Frankly, I thought the system was a good way to ease the problem of range anxiety that comes with driving an all-electric car for an extended time. But apparently, I was in the minority.

Chevy ceased production of the Volt over a year ago and is now all-in on its all-electric Bolt EV, which it introduced as a 2017 model. There is no gas engine to extend a trip, but it does have an much-increased electric range of up 259 miles when fully charged, an increase of 21 miles over previous Bolts.

That’s almost five times the 53 miles that was promised for the 2019 Volt when it went out of production.

Classed as a “small wagon,” the Bolt still comes in only two trim levels for 2020. The base LT carries a base MSRP of $37,495 while the upgraded Premier that served as my test vehicle starts at $41,020.

Both trims get the same powertrain with the electric motor putting out 200 horsepower and 266 pound-feet of torque, which are darn good numbers of a car of this size (3,563 pounds, 164 inches long, 69.5 wide with a wheelbase of 102.4 inches).

That power is delivered to the front wheels via what Chevy calls an electronic precision shift system that operates like a traditional continuously variable transmission and results in a zero-to-60 mph clocking of 6.5 seconds, according to company clockers.

The Bolt also offers one-pedal driving. When in Low mode, it lets you speed up or slow down using only the accelerator pedal. Press it and you go. Lift your foot and you slow down (and capture some of the power from the moving vehicle to store a bit of electrical energy in the lithium-ion battery pack).
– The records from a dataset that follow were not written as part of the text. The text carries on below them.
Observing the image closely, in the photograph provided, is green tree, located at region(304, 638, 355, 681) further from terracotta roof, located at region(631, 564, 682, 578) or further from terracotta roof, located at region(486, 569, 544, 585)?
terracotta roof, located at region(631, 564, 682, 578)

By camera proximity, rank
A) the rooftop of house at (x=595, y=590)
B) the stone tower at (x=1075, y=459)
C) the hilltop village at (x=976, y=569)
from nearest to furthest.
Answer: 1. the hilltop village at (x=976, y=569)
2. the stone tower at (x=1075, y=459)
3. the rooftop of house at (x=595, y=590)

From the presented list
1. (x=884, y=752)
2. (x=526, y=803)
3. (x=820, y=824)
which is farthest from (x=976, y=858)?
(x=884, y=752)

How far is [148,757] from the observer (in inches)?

Frankly, it takes a bit of getting used to, which I must confess I didn’t. It seems a bit too aggressive when slowing instead of just coasting as with a gas-powered car.

In addition to the extended range, two new colors (Oasis Blue and Cayenne Orange Metallic) are available for 2020, and the rear-vision camera and surrounded vision system has been upgrade with high-definition cameras.

Heated front and rear seats are available on the Premier with heated front seats available on the LT with the Comfort and Convenience Package. Leather seats also are standard on the Premier, which gets many of the features from optional packages offered on the LT.

My test 2020 Chevy Bolt Premier came with a $750 Fast-charging option that would seriously cut the charging time you have to contend with using a regular household outlet.

Also, an Infotainment Package includes a wireless charging device, Bose Premium Sound, rear USB charging ports, and a Driver Confidence II Package offers automatic high-beam headlights, following distance indicator, forward collision alert, lane-keeping assist with lane-departure warning, and automatic emergency braking with pedestrian braking.

Those options and the $875 destination and delivery charge ran the final tab to $43,735.

What I liked about the 2020 Chevrolet Bolt EV Premier: It’s kind of a fun car to drive. Throttle response is very quick, and unless you want to take a 275-mile trip, the range is good for everyday driving. The interior also very roomy, and the Premier gets a surround-view camera system included as standard.

What I didn’t like about the 2020 Chevrolet Bolt EV Premier: While designers avoided giving the Bolt’s interior a dorky look in a vain attempt to make it look “futuristic,” it still has a cheap feel about it. Not expecting luxury here, but an upgrade in some materials would be nice.

Would I buy the 2020 Chevrolet Bolt Bolt EV Premier? Probably not at this time, mostly because I’m not a big fan of all-electric vehicles. I don’t have an advanced charger and have to rely on my household for charging, which can take forever. The Bolt is priced competitively in its segment but still strikes me as a $20,000-plus car that is double the price because of the electric powertrain.